L’idée d’une taxe sur le numérique est vivement souhaitée par le CDCF (Conseil du commerce de France) qui se plaint de distorsions de concurrence, les commerces physiques étant, de surcroît, assujettis à la fiscalité locale à travers notamment la taxation du foncier et la contribution économique territoriale. Et les plateformes numériques utilisent les équipements financés par les collectivités (routes, recyclage des déchets des colis…) sans y contribuer.
Au printemps, parallèlement aux travaux menés au niveau européen, le gouvernement avait confié à l'Inspection générale des finances le soin de proposer un cadre fiscal plus équitable entre les différentes formes de commerce, afin notamment d’accompagner le plan Action cœur de ville qui vise à redynamiser les centres-villes. Ses conclusions n’ont toujours pas été rendues publiques.

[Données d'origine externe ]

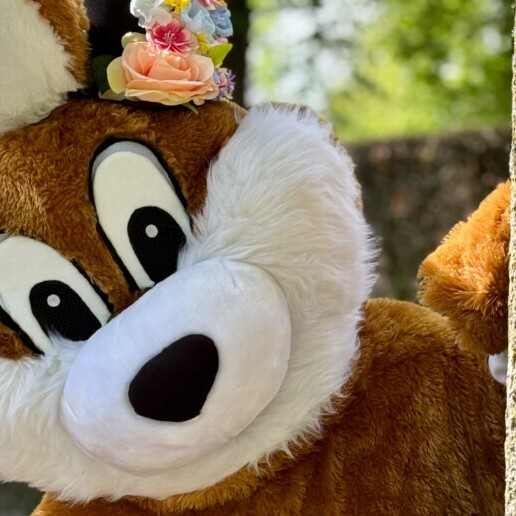 Character/Mascott Zoetermeer  (NL) 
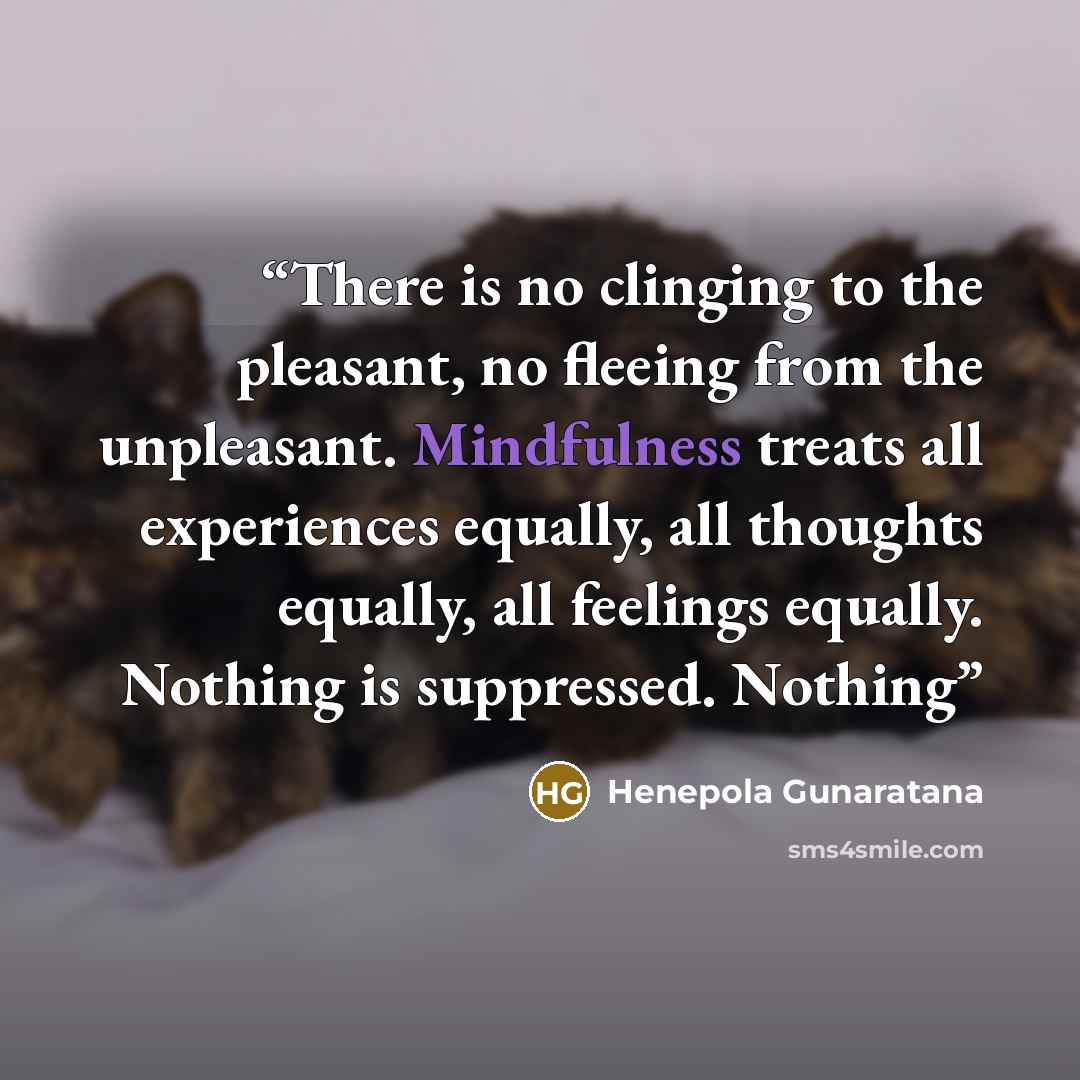 “There is no clinging to the pleasant, no fleeing from the unpleasant. Mindfulness treats all experiences equally, all thoughts equally, all feelings equally. Nothing is suppressed. Nothing” quote by Henepola Gunaratana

Les maires proposent une taxe à un euro
En attendant, l’Association des maires de France (AMF) a décidé de monter au créneau. Elle a en effet soutenu un amendement au projet de loi de finances pour 2019 visant à taxer à hauteur d’un euro chaque colis commandé en ligne et livré à domicile. La proposition émanant du maire de Cannes, David Lisnard, vice-président de l’AMF, et a été portée par le député LREM du Pas-de-Calais, Benoît Potterie. Mais la commission des finances l’a rejeté, le 7 novembre, suite à l’avis défavorable du rapporteur Joël Giraud (LREM, Hautes-Alpes). Au moins le débat a-t-il été ouvert. Le commerce physique "est soumis à plus de 85 taxes, contre 3 pour le commerce en ligne", argue Benoît Potterie qui n’entend pas baisser les bras : la proposition pourrait resurgir à l’occasion du chantier sur la fiscalité locale attendue en 2019. "Cette taxe serait collectée par l’e-commerçant et reversée à l’État, mais à destination exclusive des collectivités via un fonds de compensation à la baisse parallèle obligatoire de la fiscalité foncière sur les commerces de ville", explique l’AMF. L’argent ainsi récolté aurait abondé un "fonds de compensation pour une fiscalité commerciale locale équitable". Ce fonds aurait financé un abattement automatique de 10% sur la taxe foncière des petits commerces (inférieur à 400 m²) perçue au profit des communes et intercommunalités, soit environ 335 millions d’euros. L’AMF se défend de vouloir opposer les modes de consommation entre eux, mais rappelle que 505 millions de colis ont été livrés en 2017, sans que les entreprises concernées n’aient à contribuer à l’entretien des routes. Outre le rétablissement d’une équité fiscale entre les commerces, la mesure visait à lutter contre "l’effet Amazon" , à savoir l’impact écologique des livraisons à la charge des communes. "À San Francisco, le berceau d’Amazon, on a pu constater une hausse spectaculaire des déchets liés aux livraisons à domicile", explique-t-on dans l’entourage de Benoît Potterie.